The product is websites. You can use it for example, to advertise your business through your social media sites like Facebook, Twitter, LinkedIn without having to go to each page. It is much easier and faster.

There is 3 options:
Option 1 - V-Social @ US $25
Option 2 - V-Success @ US $100 
Option 3 - Both V-Social and V-Success @ US $125

The compensation plan seems unique and unheard of to me and is VERY GENEROUS.
You will receive 100% commission on every 2nd person you enroll starting from the very 1st person who basically covers all your own expenses. From the 3rd person you will start making money.
You will also receive 100% commission on every 2nd person that your down line enroll. This goes on to infinity downwards and to the side.
Remember that you will earn 100% commission on whichever option you choose so I will recommend the 3rd option.

You can visit www.victory100.com/tertiuskruger or email me at te_kruger@yahoo.com for more information.

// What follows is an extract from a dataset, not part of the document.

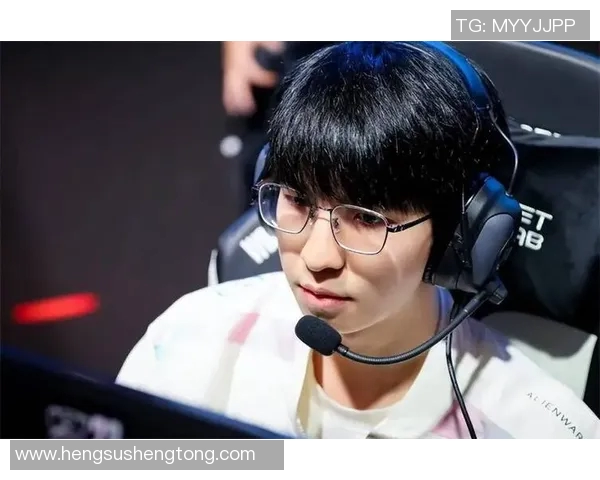 BLG战队在CSGO赛事中的战术速度分析与影响探讨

Hope to hear from you soon.

Regards
Tertius Kruger

----------


## Izak

Hi Guys

I would like to offer this opportunity of a new network which was established a couple of weeks ago. The product we are marketing is called Alpha Life Herbal and is a botanical based solution made of botanical extracts and essential oils which have properties that are anti-fungal, anti bacterial and anti viral. The official product launch is planned for January 2014 and we are currently establishing the network.

there will be two incentive programs for joining into the network

For now we are focusing on getting 3 people each and preferably people in Gauteng.

For the first remuneration plan, you get paid for each person signing up into the network. There are two options. One is R2400 (R1200 for 6 bottles of the product and R1200 redistributed into the network) and the other is R3600 (R2400 for 12 bottles of product and R1200 redistributed into the network). please note that these costs are once off.

The R1200 which gets redistributed into the network will be divided as follows. for your first 2 people you recruit you will be paid R300 each. for your third person you will receive the full R1200. For every person your third recruit signs up, you will be paid R900 for each of them as well as everyone which is recruited from there down on all levels.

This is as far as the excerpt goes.